Awesome

Differentiating Concepts and Instances for Knowledge Graph Embedding

Source code and datasets of EMNLP2018 paper: "Differentiating Concepts and Instances for Knowledge Graph Embedding". https://arxiv.org/abs/1811.04588

News

Thanks to Shengding Hu for providing the PyTorch version of the training code.

Dataset

We provide YAGO39K and M-YAGO39K dataset we used in this work in data/YAGO39K directory. The meanings of these files are explained as follows:

data/YAGO39K/Train

instance2id.txt, concept2id.txt, relation2id.txt: the id of every instance, concept and relation in this dataset.
triple2id.txt: normal triples represented as ids with format [head_instance_id tail_instance_id relation_id].
instanceOf2id.txt: instanceOf triples represented as ids with format [instance_id concept_id].
subClassOf2id.txt: subClassOf triples represented as ids with format [sub_concept_id concept_id].

data/YAGO39K/Valid

triple2id_positive.txt, instanceOf2id_positive.txt, subClassOf2id_positive.txt: positive triples from YAGO dataset.
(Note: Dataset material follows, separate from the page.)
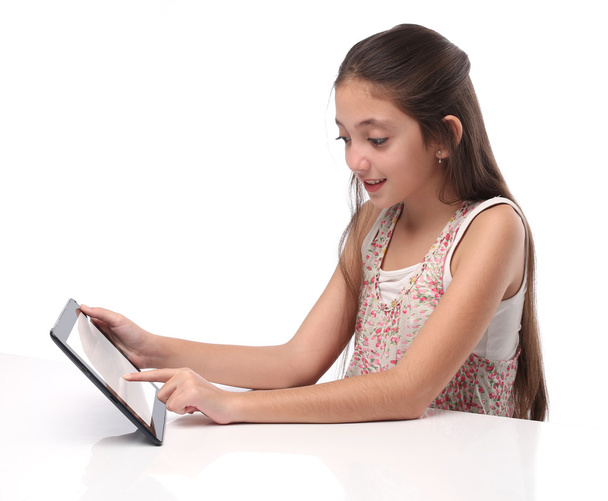 Bir tablet bilgisayar ile güzel önceden genç kız. - Fotoğraf, Görsel
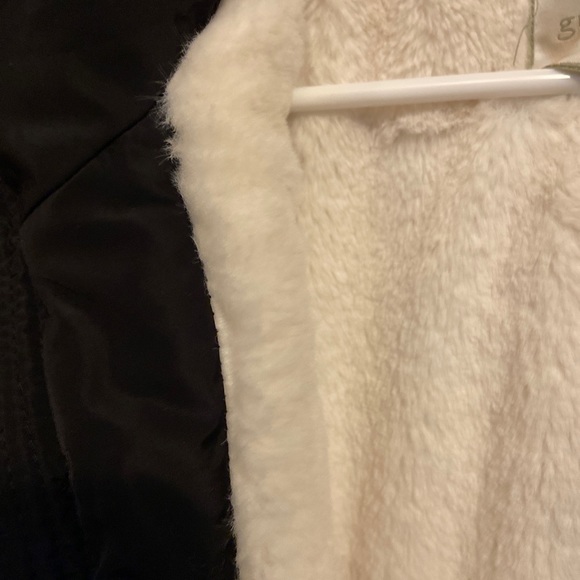 Green Tea Faux Fur lined vest - Picture 2 of 3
Their formats are the same as those in data/YAGO39K/Train.
triple2id_negative.txt, instanceOf2id_negative.txt, subClassOf2id_negative.txt: negative triples generated by us, which will be used in Triple Classification experiments.

data/YAGO39K/Test

the test dataset, which is similar to data/YAGO39K/Valid.

data/YAGO39K/M-Valid

the valid dataset for M-YAGO39K. The formats of all files are the same as those in data/YAGO39K/Valid.

data/YAGO39K/M-Test

the test dataset for M-YAGO39K. The formats of all files are the same as those in data/YAGO39K/Test.

Codes

The source codes of our work are put in the folder src/.

Compile

cd src
make

Train

cd src
./transC

You can add the following optional parameters when running transC:

-dim: the vector size.
-margin: the margin for normal triples.
-margin_ins: the margin for instanceOf triples.
-margin_sub: the margin for subClassOf triples.
-data: the dataset that you want to use. You can only choose YAGO39K in current vision.
-l1flag: it can be 1 or 0, 1 means using L1 loss and 0 means L2 loss.
-bern: it can be 1 or 0, 1 means using "bern" strategy and 0 means using "unif" strategy.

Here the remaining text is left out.